The model still predicts the next token. The only difference is that the prefix now tells it which speaker should come next. That means the quality depends on your data. If the model was trained mostly on Shakespeare, it will not suddenly become a helpful assistant. But the interface is the same interface used by useful chat systems: prompt, sample, append, repeat.

2. Add the terminal loop

Create scripts/chat.py:

"""scripts/chat.py — talk to the checkpoint from your terminal."""
from __future__ import annotations
 
import torch
import torch.nn.functional as F
import tiktoken
 
from llm.model import GPT, GPTConfig
 
 
SYSTEM_PROMPT = "You answer questions briefly."
MAX_NEW_TOKENS = 160
TEMPERATURE = 0.8
TOP_K = 50
TOP_P = 0.9
# the SFT examples in ch.16 end each assistant turn with "\n", so that's the
# primary stop. The "\nUser:" / "\nSystem:" fallbacks catch the model if it
# starts a new turn on its own.
STOP_STRINGS = ["\nUser:", "\nSystem:", "\n"]
 
 
# [1]
def pick_device() -> str:
    if torch.backends.mps.is_available():
        return "mps"
    if torch.cuda.is_available():
        return "cuda"
    return "cpu"
 
 
# [2]
def load_model(device: str) -> GPT:
    cfg = GPTConfig()
    model = GPT(cfg).to(device)
    state = torch.load("checkpoints/model_sft.pt", map_location=device)

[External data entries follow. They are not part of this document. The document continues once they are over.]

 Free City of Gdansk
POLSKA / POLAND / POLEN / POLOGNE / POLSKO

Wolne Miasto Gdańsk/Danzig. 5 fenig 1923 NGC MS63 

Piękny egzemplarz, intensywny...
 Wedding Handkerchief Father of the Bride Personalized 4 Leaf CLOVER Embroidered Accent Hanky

    model.load_state_dict(state)
    model.eval()
    return model
 
 
# [3]
def render_prompt(turns: list[tuple[str, str]]) -> str:
    lines = [f"System: {SYSTEM_PROMPT}"]
    for role, text in turns:
        lines.append(f"{role}: {text.strip()}")

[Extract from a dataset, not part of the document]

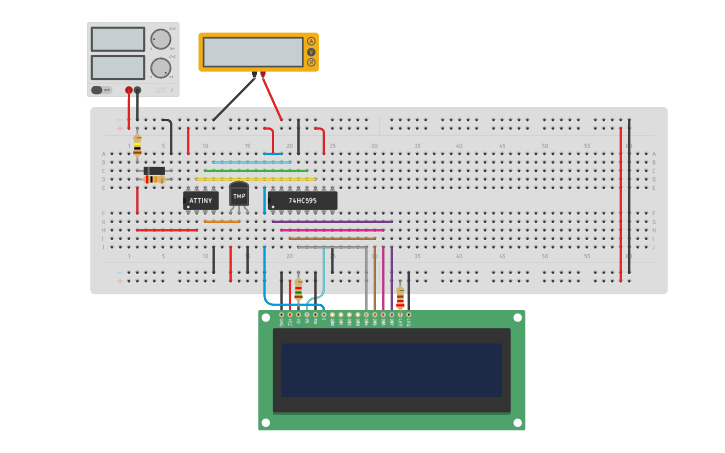 Circuit design ATTiny + Shift Register Thermometer - Tinkercad
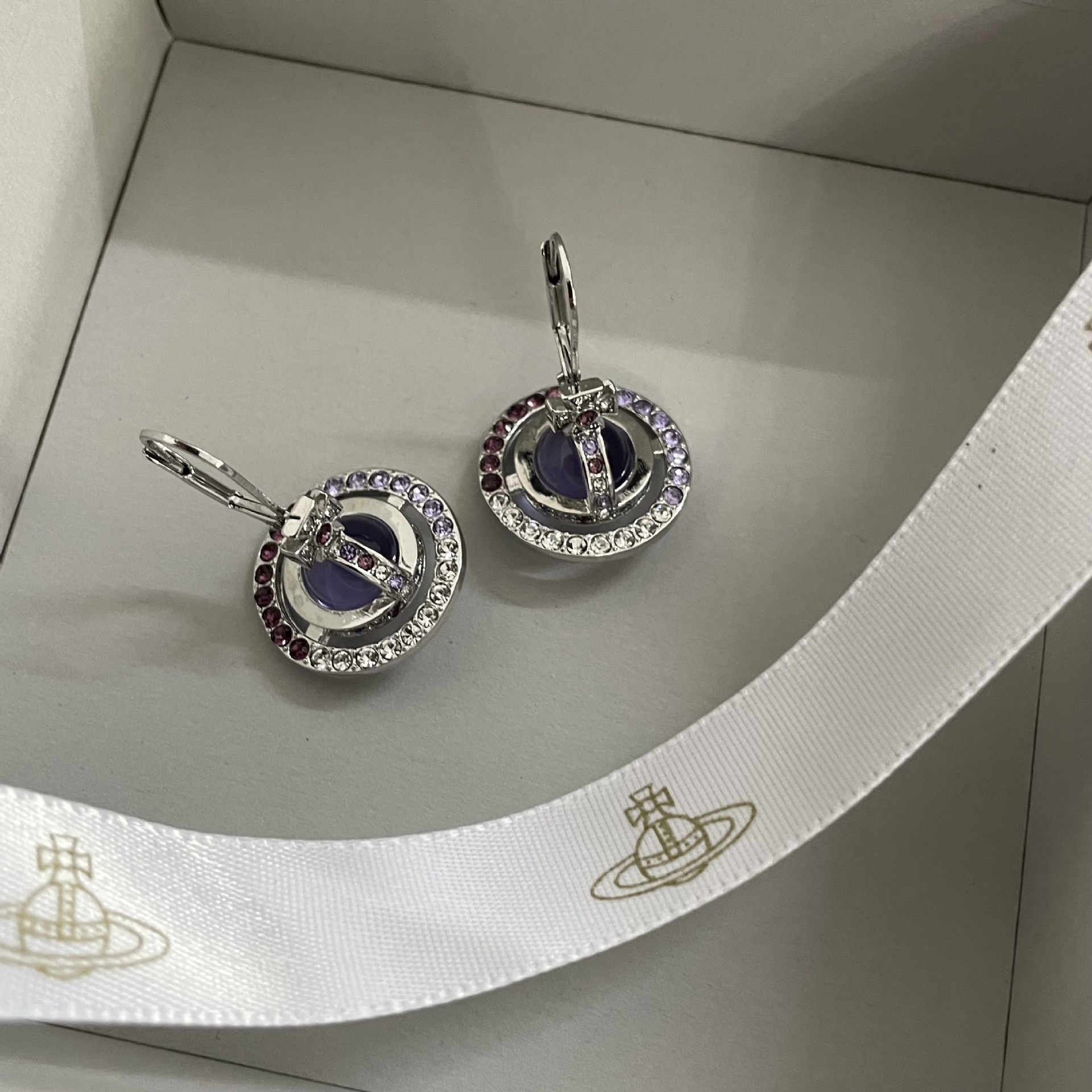 Vivienne Westwood Light Purple Crystal Ball Planet Saturn Earrings - Best Replica Jewelry™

    lines.append("Assistant:")
    return "\n".join(lines)
 
 
# [4]
def sample_next(logits: torch.Tensor) -> torch.Tensor:
    logits = logits / TEMPERATURE
    probs = F.softmax(logits, dim=-1)
 
    if TOP_K is not None:
        top_values, _ = probs.topk(TOP_K)
        probs[probs < top_values[..., -1, None]] = 0
        probs = probs / probs.sum(dim=-1, keepdim=True)
 
    if TOP_P < 1.0:
        sorted_probs, sorted_idx = probs.sort(descending=True, dim=-1)
        cumulative = sorted_probs.cumsum(dim=-1)
        mask = cumulative > TOP_P
        mask[..., 0] = False
        sorted_probs[mask] = 0
        probs = torch.zeros_like(probs).scatter_(-1, sorted_idx, sorted_probs)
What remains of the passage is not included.